Ban for sex act drama teacher

Joseph Kerr
Joseph Kerr

A DRAMA teacher who molested two girls at an acting school he ran has walked free from court.

Joseph Kerr, a 51 year old actor who has appeared in hit shows, including Emmerdale and A Touch of Frost, struck when he was supposed to be teaching the teenage victims Shakespeare at the school, which he ran with his wife.

The Kerrs had rented school premises at weekends and provided private tuition as part of a franchise they had been operating since 2006, a jury had earlier been told.

The court had heard how Kerr had groped a 17-year-old at the school and was said to have told her – “I think what you need to is sleep with me”.

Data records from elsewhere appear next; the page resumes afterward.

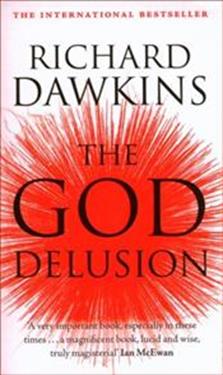 The God Delusion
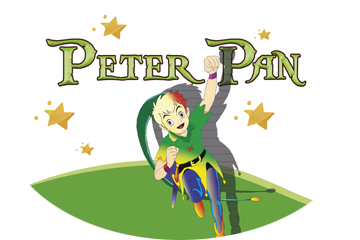 peterpan_ts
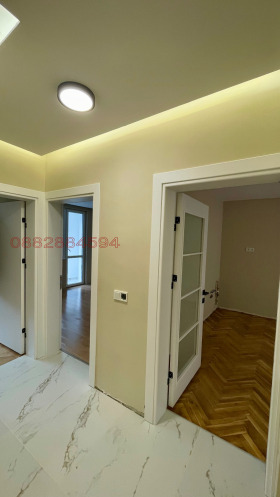 ������� ���������� | Imot.bg � ����� ������ 3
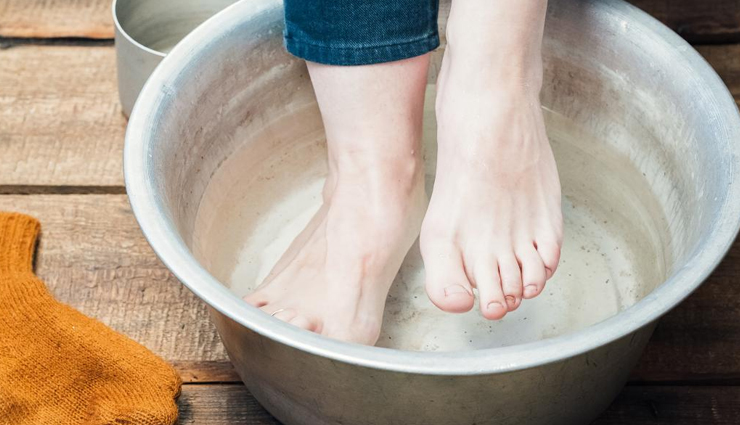 bunions,remedies to dissolve bunions,Health tips,fitness tips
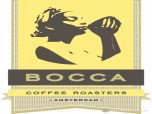 Bocca Coffee B.V.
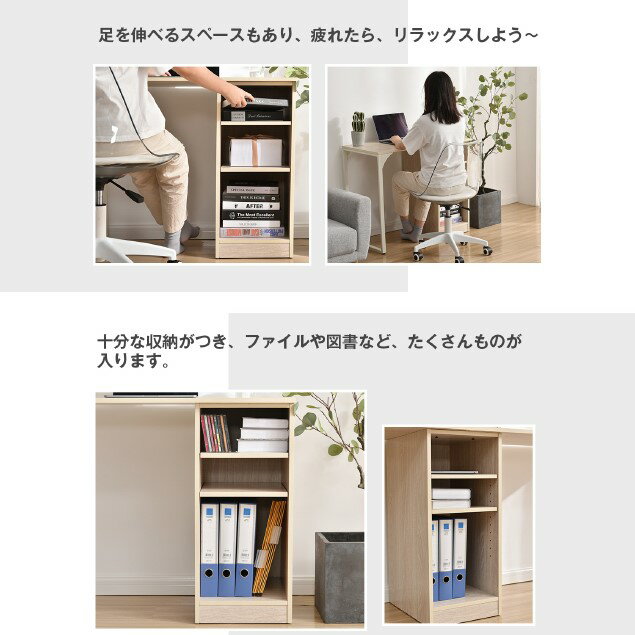 ��10%OFF!���ޥ饽�����ۡڿ����о�ۥѥ�����ǥ��� 3�ʥ�������� ���ե����ǥ��� �ʰץǥ��� ���� �ߥ����� �ؽ��� �����㥹�����դ�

The girl had claimed to the jury the defendant changed a Shakespeare monologue about a jailer’s daughter in Two Noble Kinsmen.

She alleged he had persuaded her to bend over and had slapped her bottom.

The victim had told the court: “I was thinking: ‘You just don’t do this, especially not in a Shakespeare piece’.”

Kerr, of Burns Road, Fleetwood, was convicted of two charges of sexual activity with a child and two of sexual assault, after a two week trial at Preston Crown Court.

He was said to have no relevant previous convictions.

Kerr was given three months in jail, suspended for two years, with 12 months supervision at Burnley Crown Court.

He was placed on the sex offenders’ register for seven years and made the subject of a five year sexual offences prevention order, banning him from giving individual tuition to anybody under the age of 18.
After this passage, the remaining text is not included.